Calculate TP FP TN FN in Python

Paste actual and predicted labels for quick checks. Review confusion counts and key model scores. Export clear files and inspect Python style output now.

Calculator

Use one label per line, or separate labels with commas.

Example data table

Row Actual Predicted Positive label Expected type
1111TP
2011FP
3001TN
4101FN

Formula used

TP counts rows where actual equals the positive label and predicted equals the positive label.

FP counts rows where actual is not positive, but predicted is positive.

TN counts rows where actual is not positive and predicted is not positive.

FN counts rows where actual is positive, but predicted is not positive.

Accuracy = (TP + TN) / (TP + FP + TN + FN).
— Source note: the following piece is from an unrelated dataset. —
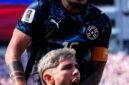 Kejutan terbesar di Piala Dunia 2026. Kiper Paraguay Orlando Gill tampil heroik dan menyingkirkan raksasa Jerman lewat drama adu penalti yang menegangkan. Dok: (AP Photo/Petr David Josek)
Precision = TP / (TP + FP). Recall = TP / (TP + FN). Specificity = TN / (TN + FP).

F1 Score = 2TP / (2TP + FP + FN). Balanced Accuracy = (Recall + Specificity) / 2.

Python logic

tp = sum(1 for a, p in zip(actual, predicted) if a == positive and p == positive)
fp = sum(1 for a, p in zip(actual, predicted) if a != positive and p == positive)
tn = sum(1 for a, p in zip(actual, predicted) if a != positive and p != positive)
fn = sum(1 for a, p in zip(actual, predicted) if a == positive and p != positive)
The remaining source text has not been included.